I thought I would write about something quite close to me tonight because it has angered me. Rather than the ethereal world of politics which can sometimes feel quite abstract.

I have a friend currently buying a house, with several acres of field adjacent, in a village in the Green Belt just outside Oxford. The vendors are the Church Commissioners. Apparently hurt after being stung over several years or decades by having sold off properties on which the buyers have then got planning consent and made a fortune they are trying their best to tie down buyers.

This is nothing new. The landed have often put restrictive covenants on land that say that if the buyer subsequently gets permission to do some profitable development they will get some profit. I personally think this is an outrage in itself - since I don't really believe in the right to trade in land, our only real common wealth, for profit.

But get this - the Commissioners think they have it all sewn up. They would like to sell my friend only the freehold of the surface of the land itself. A 'flying freehold" where they retain the freehold of the airspace - yes, the air - above three meters above the ground, and the subsoil more than a meter below the surface.

My friend is not buying an option, he's buying a home. If circumstances change twenty years down the line and this piece of green belt becomes developable, yes, he might make a killing, but that's not why he's buying it. If the Church Commissioners want to retain this, they should not be selling the property at all. If they were to sell a bunch of shares they hold to someone, would they expect to be able to keep the dividend, or to stipulate that if the company is taken over after twenty years and the buyer rakes in a small fortune they should have some of it? No, that's what's called investment risk - the risk that they sell something that's still got further to go upwards for whatever reason.

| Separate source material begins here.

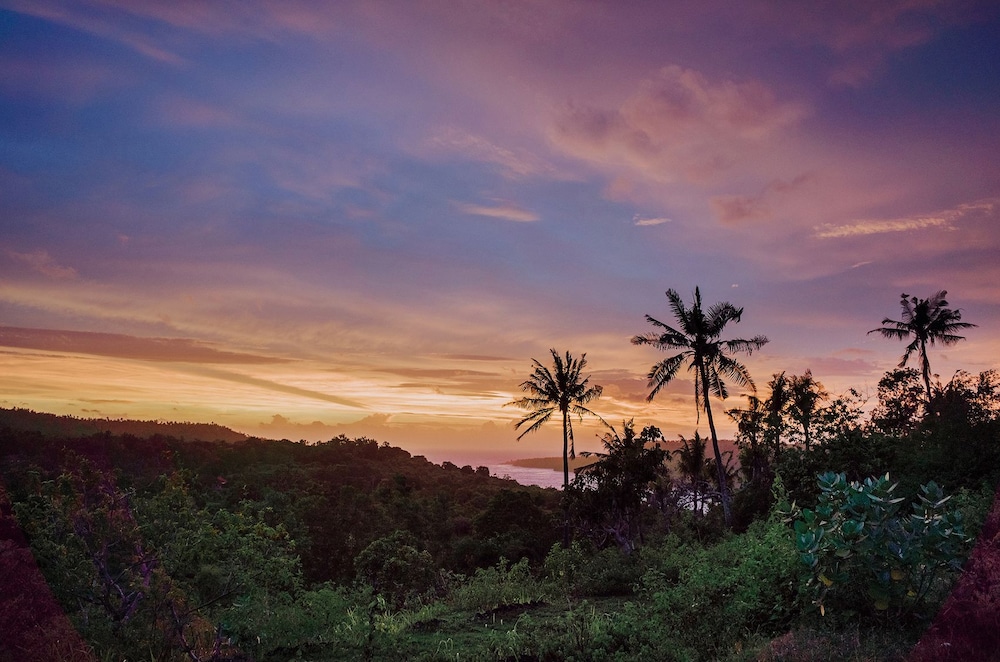 Batan Sabo Cottage 10/14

All this just goes to show that what people generally think of as "theirs" - the land on which their homes stands and so on - is frequently not. It's bonkers. Large areas of North Oxford still have restrictive covenants granting some nobleman not so far away the right to prevent development on land long ago sold by his forebears.

Why on earth do people therefore complain about the idea of a Land Value Tax. At least that tax is going to the common treasury to be spent on others usually less fortunate...rather than to vast institutions and ancient landlords wanting to maintain a finger in a pie they disposed of, presumably for good investment decision reasons, ages ago.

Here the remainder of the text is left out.